# Boxing gym recommendations in Tacoma, WA area?



## skribs (Oct 4, 2018)

I'm not sure if this is the right place to post this (if it's not, please let me know where is).  I'm looking for a place to train in for a few weeks out of the year, at times when my school for my primary art is closed.  I want to focus on punches, especially defending against combinations of punches, and I figure the best place to do that is a boxing gym.

Does anyone have any recommendations for me in the Tacoma, WA area?  There's not many reviews of places in the area online so I'll have to go by word of mouth.

If I want to focus on boxing, should I exclusively look at boxing gyms, or should I also consider MMA gyms and/or kickboxing gyms?

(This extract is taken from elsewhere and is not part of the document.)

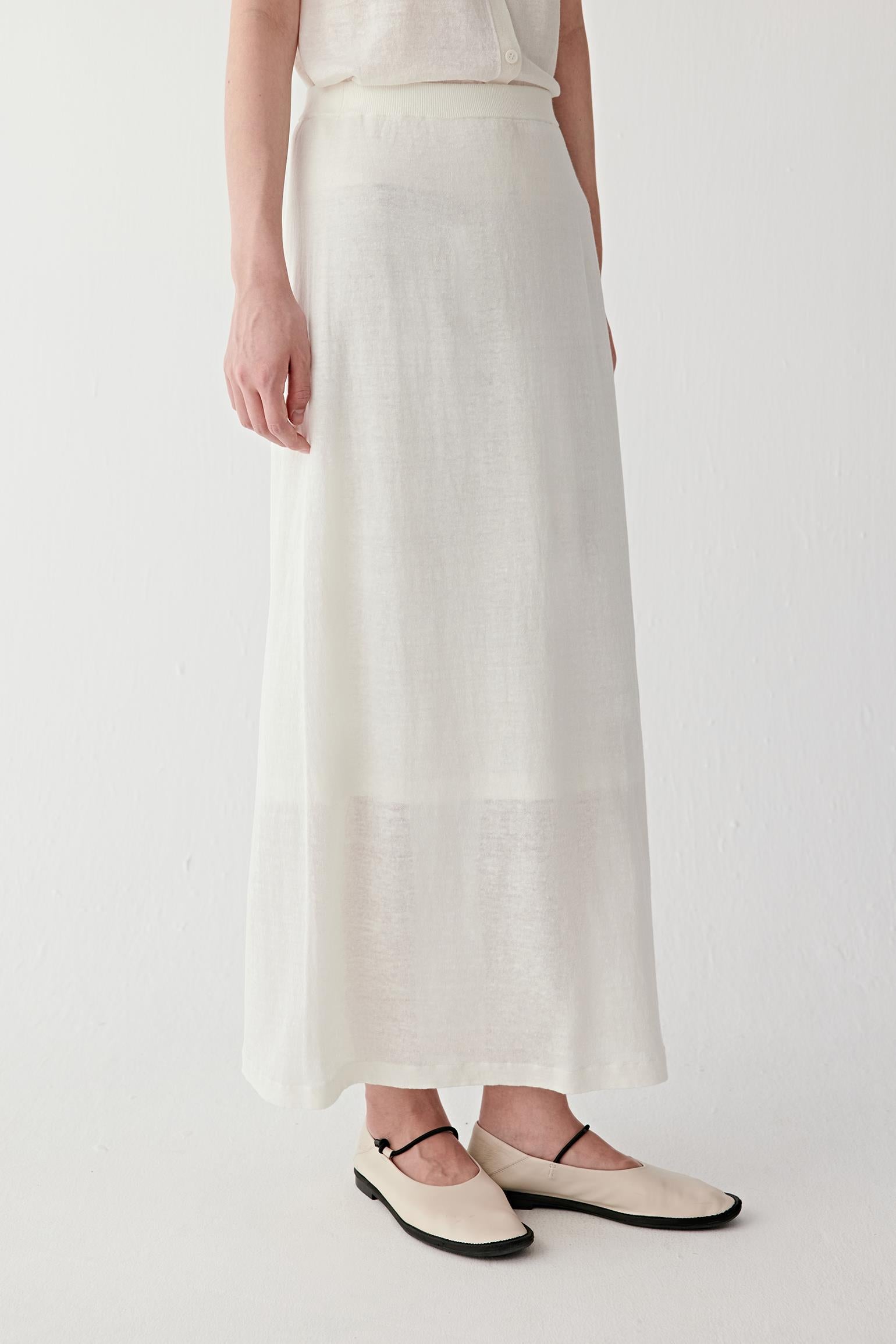 Close-up of waistband detailing the ribbed waistband construction, clean stitching and lightly textured off-white fabric surface with natural irregularity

Thanks in advance for any advice.


----------



## Headhunter (Oct 4, 2018)

Well if you want to work on boxing it doesn't make much sense to train kickboxing


----------



## skribs (Oct 4, 2018)

Headhunter said:


> Well if you want to work on boxing it doesn't make much sense to train kickboxing



I agree.  There are some gyms that advertise "boxing / kickboxing" so I wonder if those are going to have a kickboxer teaching boxing classes.


----------



## Headhunter (Oct 4, 2018)

skribs said:


> I agree.  There are some gyms that advertise "boxing / kickboxing" so I wonder if those are going to have a kickboxer teaching boxing classes.


Maybe and hey that's legit as kickboxing has the exact same punches as boxing so wouldn't be an issue but if you have the option still probably best to go with the pure boxer


----------